With the development of fashion photography, the modelling profession expanded to photo modelling. Models remained fairly anonymous, and relatively poorly paid, until the late 1950's. One of the first well-known models was Lisa Fonssagrives, who was very popular in the 1930's. Fonssagrives appeared on over 200 Vogue covers, and her name recognition led to the importance of Vogue in shaping the careers of fashion models. In 1946, Ford Models was established by Eileen and Gerard Ford in New York; it is one of the oldest model agencies in the world. One of the most popular models during the 1940's was Jinx Falkenburg who was paid $25 per hour, a large sum at the time. During the 1940's and 1950's, Wilhelmina Cooper, Jean Patchett, Dovima, Dorian Leigh, Suzy Parker, Evelyn Tripp, Carmen Dell'Orefice, and Lisa Fonssagrives dominated fashion. Dorothea Church was among the first black models in the industry to gain notoriety in Paris. However, these models were unknown outside the fashion community. Compared to today's models, the models of the 1950's were more voluptuous. Wilhelmina Cooper's measurements were 38"-24"-36" whereas Chanel Iman's measurements are 32"-23"-33".

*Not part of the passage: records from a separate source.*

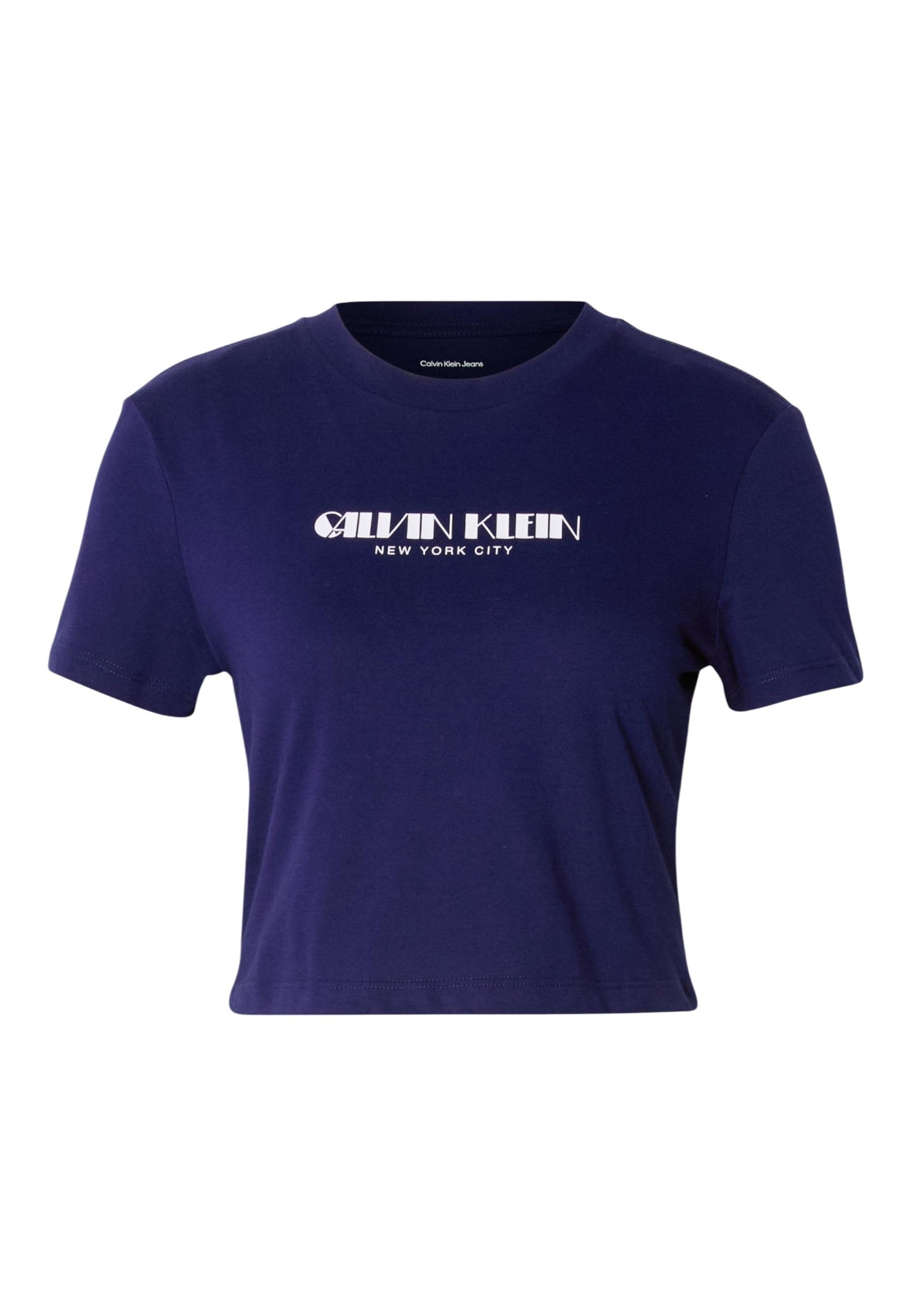 Calvin Klein Jeans Top Donna - Calvin Klein Jeans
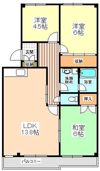 ロフティ帯山の間取り画像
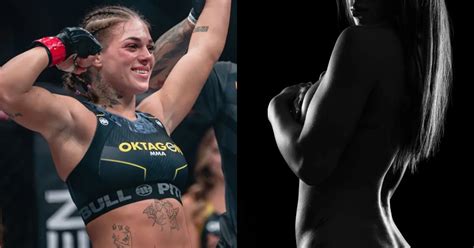 Exclusive MMA Fighter Veronika Smolkova Discusses Title Wins And Nude Modelling Show Off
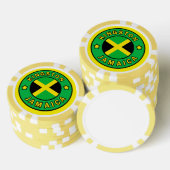 Lot De Jeton De Poker Kingston Jamaïque (Empiler)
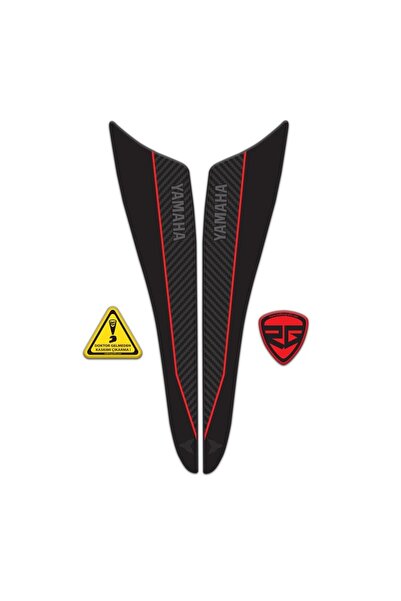 Redline Grafik Redlinegrafik MT-07 Uyumlu 2021-2023 Uyumlu Kuyruk Koruma Pad ...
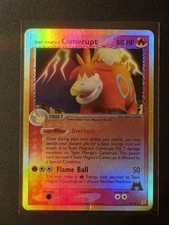 Team Magma's Camerupt 19/95 EX Magma vs Aqua Pokemon Card Reverse Holo  on eBay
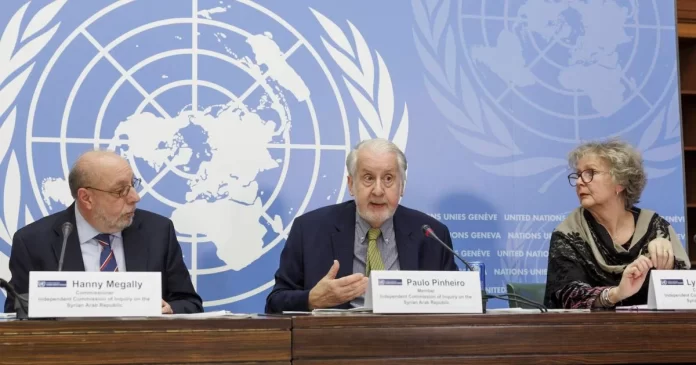 UN, Syrian govt implicated in aid failures after quake, says UN commission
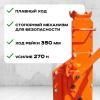 Домкрат реечный TOR ДР 3000 3 т с обрезиненной ручкой миниатюра №6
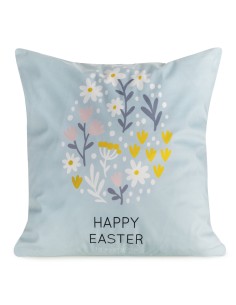 POSZEWKA WIOSNA 11 45 X 45 CM NIEBIESKI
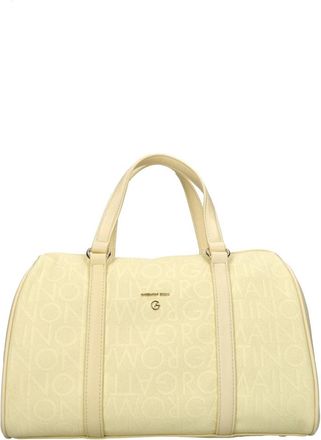 Gattinoni Faux Leren Weekendtas - Dames - Weekendtassen - Geel - ONE Size - Leer - Tassen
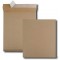 Boite de100 sacs a  soufflets kraft arme brun 340x465 130 g/m² bande de protection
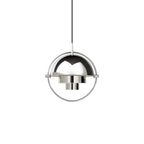 Lustra Lampe Pendante Boule Déformée Dorée - Neutralighting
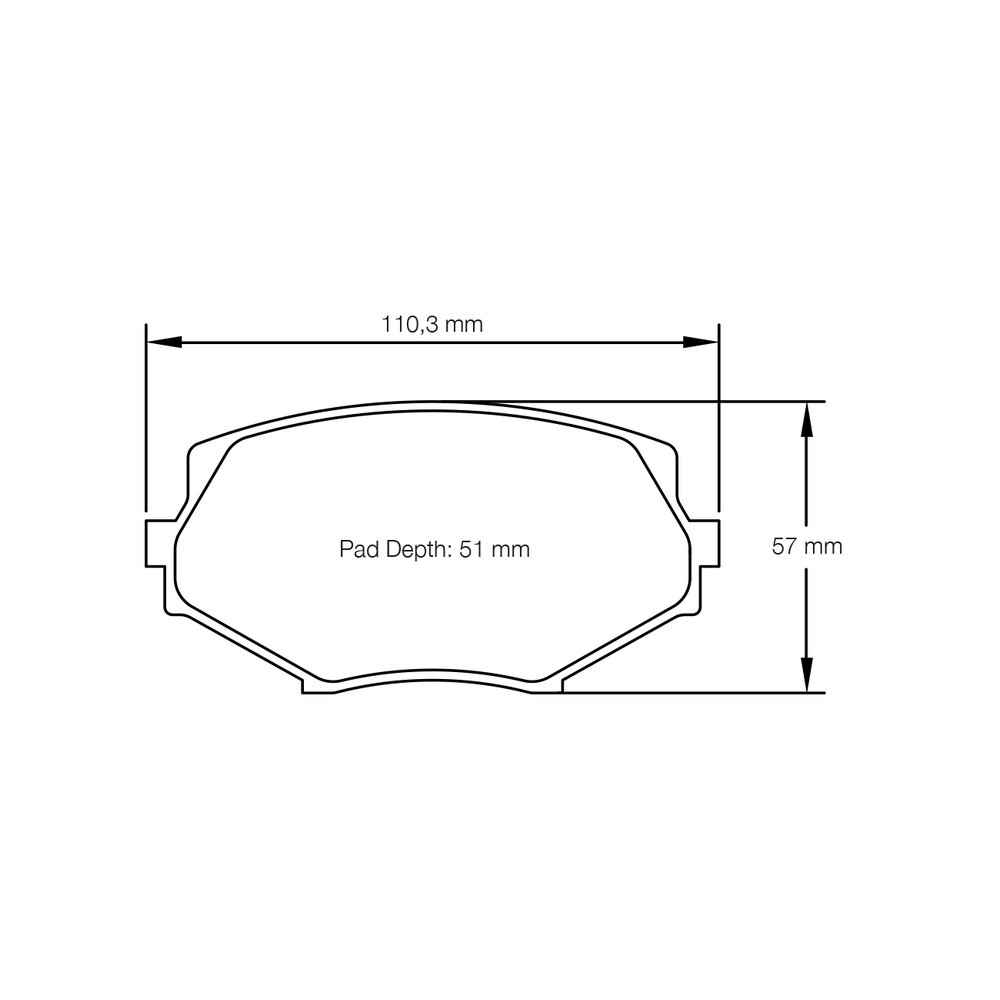 Pastillas de freno Pagid S8127 RSL29Array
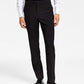 Calça de terno slim fit infinita elástica masculina Calvin Klein preta tamanho 36x32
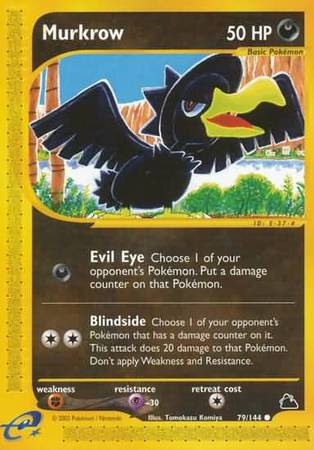 Murkrow 79-144 (RH)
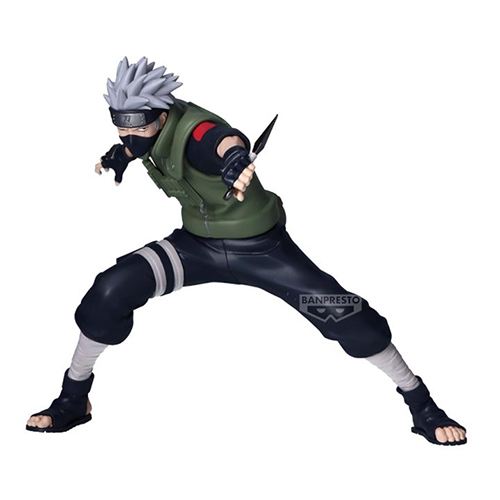 Naruto Shippuden Vibration Stars-Hatake Kakashi & Uchiha Madara- (Figurine)(Banpresto) (Pre-Order)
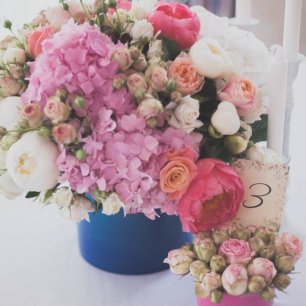 Цветы на свадьбе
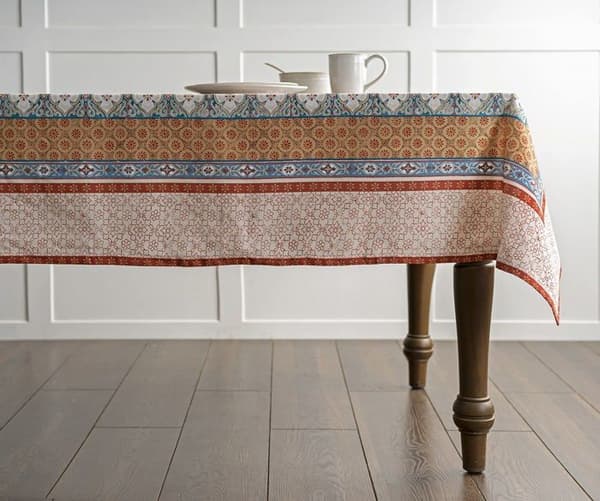 Bordduk - Maison d'Hermine - Rektangulär - 100% bomull - Maskintvättbar - Oeko-Tex Standard 100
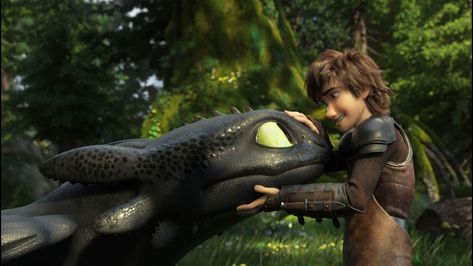 I've been waiting for some hicctooth #httyd3 The Hidden World, Train Your Dragon, Hiccup, How To Train, Toothless, How To Train Your Dragon, Httyd, How To Train Your, Train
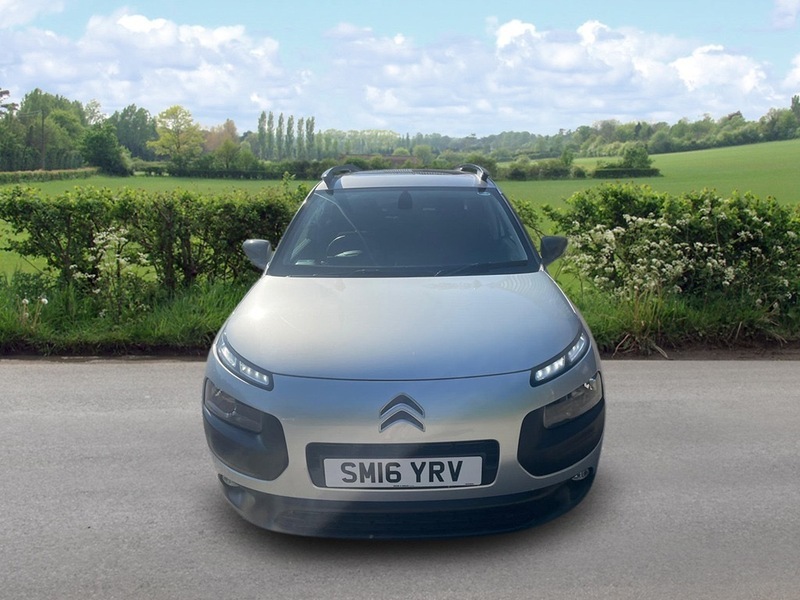 Citroen C4 Cactus Puretech Flair Edition S Silver #2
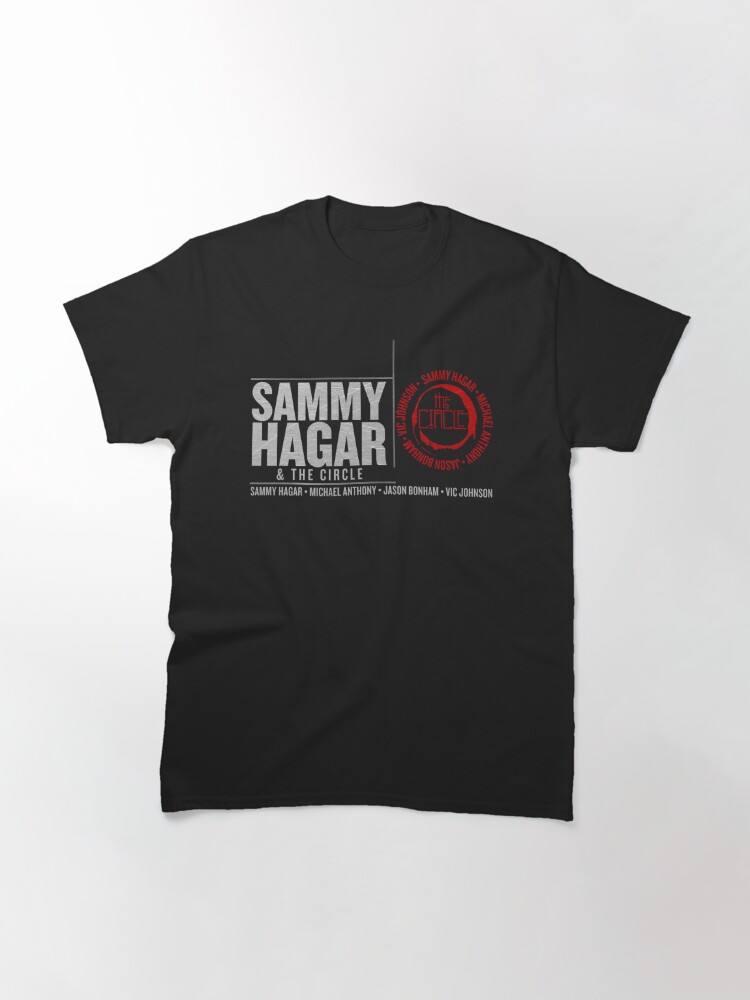 Disover Sammy Hagar & The Circle Classic T-Shirt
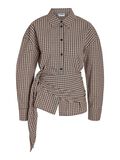 Product image thumbnail - NMKILAH  2-IN-1 SHIRT, Oatmeal | 2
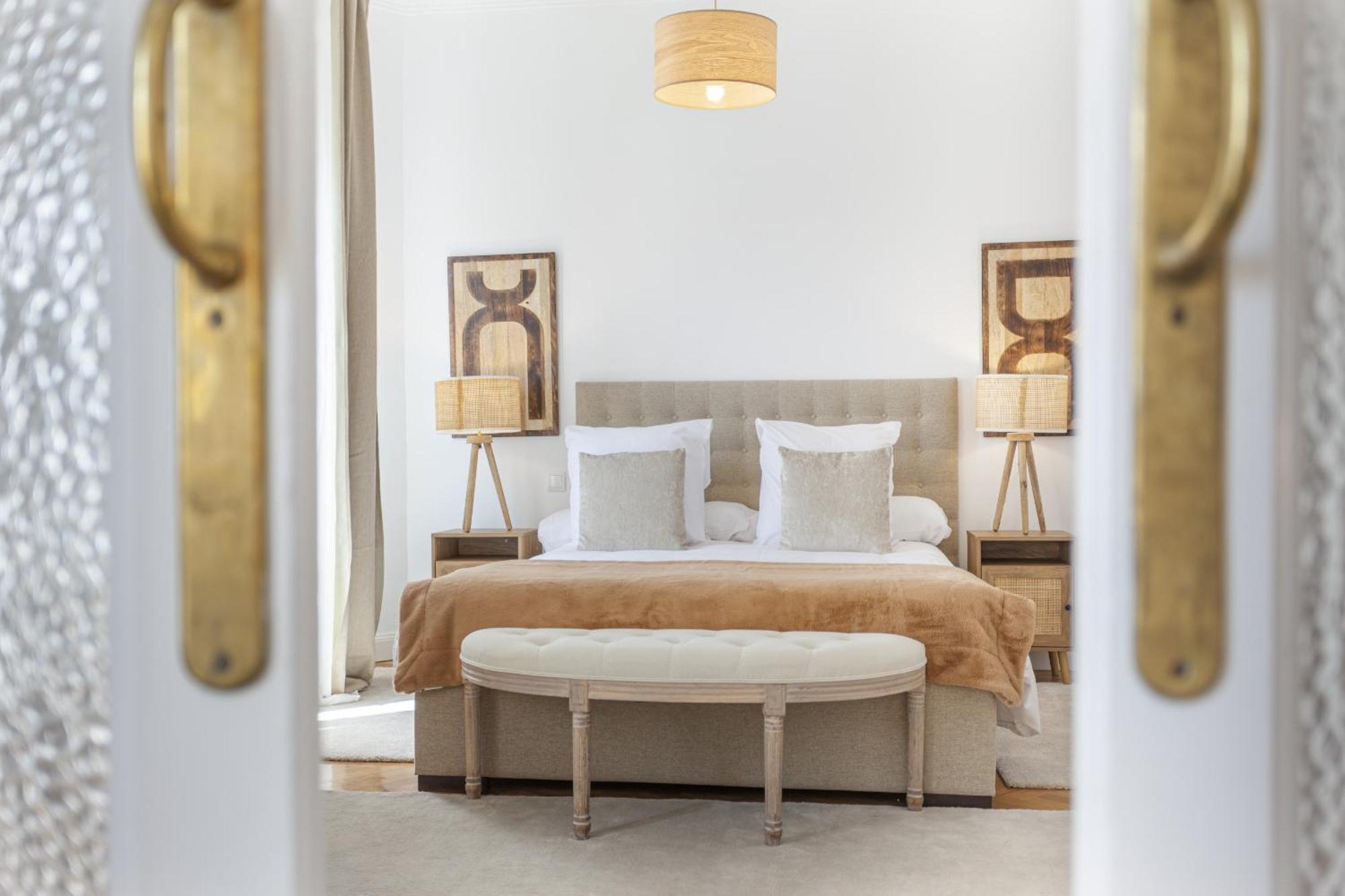 Apartamento Santa Ana Place En 马德里 外观 照片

The 1960s and the beginning of the industry
In the 1960's, the modelling world began to establish modelling agencies. Throughout Europe, secretarial services acted as models' agents charging them weekly rates for their messages and bookings. For the most part, models were responsible for their own billing. In Germany, agents were not allowed to work for a percentage of a person's earnings, so referred to themselves as secretaries. With the exception of a few models travelling to Paris or New York, travelling was relatively unheard of for a model. Most models only worked in one market due to different labor laws governing modelling in various countries. In the 1960's, Italy had many fashion houses and fashion magazines but was in dire need of models. Italian agencies would often coerce models to return to Italy without work visas by withholding their pay. They would also pay their models in cash, which models would have to hide from customs agents. It was not uncommon for models staying in hotels such as La Louisiana in Paris or the Arena in Milan to have their hotel rooms raided by the police looking for their work visas. It was rumored that competing agencies were behind the raids. This led many agencies to form worldwide chains; for example, the Marilyn Agency has branches in Paris and New York.
By the late 1960's, London was considered the best market in Europe due to its more organised and innovative approach to modelling. It was during this period that models began to become household names. Models like: Jean Shrimpton, Joanna Lumley, Tania Mallet, Celia Hammond, Twiggy, Penelope Tree, and Pauline Stone dominated the London fashion scene and were well paid, unlike their predecessors. Twiggy became The Face of '66 at the age of 16. At this time, model agencies were not as restrictive about the models they represented, although it was uncommon for them to sign shorter models. Twiggy, who stood at 5 feet 6 inches (168 cm) with a 32" bust and had a boy's haircut, is credited with changing model ideals. At that time, she earned £80 an hour, while the average wage was £15 a week.
In 1967, seven of the top model agents in London formed the Association of London Model Agents. The formation of this association helped legitimize modelling and changed the fashion industry. Even with a more professional attitude towards modelling, models were still expected to have their hair and makeup done before they arrived at a shoot. Meanwhile, agencies took responsibility for a model's promotional materials and branding. That same year, former top fashion model Wilhelmina Cooper opened up her own fashion agency with her husband called Wilhelmina Models. By 1968, FM Agency and Models 1 were established and represented models in a similar way that agencies do today. By the late 1960's, models were treated better and were making better wages. One of the innovators, Ford Models, was the first agency to advance models money they were owed and would often allow teen models, who did not live locally, to reside in their house, a precursor to model housing.
The 1970's and 1980's
The innovations of the 1960's flowed into the 1970's fashion scene. As a result of model industry associations and standards, model agencies became more business minded, and more thought went into a model's promotional materials. By this time, agencies were starting to pay for a model's publicity. In the early 1970's, Scandinavia had many tall, leggy, blonde-haired, blue-eyed models and not enough clients. It was during this time that Ford Models pioneered scouting. They would spend time working with agencies holding modelling contests. This was the precursor to the Ford Models Supermodel of the World competition which was established in 1980. Ford also focused their attentions on Brazil which had a wide array of seemingly "exotic" models, which eventually led to establishment of Ford Models Brazil. It was also during this time that the Sports Illustrated Swimsuit Issue debuted. The magazine set a trend by photographing "bigger and healthier" California models, and printing their names by their photos, thus turning many of them into household names and establishing the issue as a hallmark of supermodel status.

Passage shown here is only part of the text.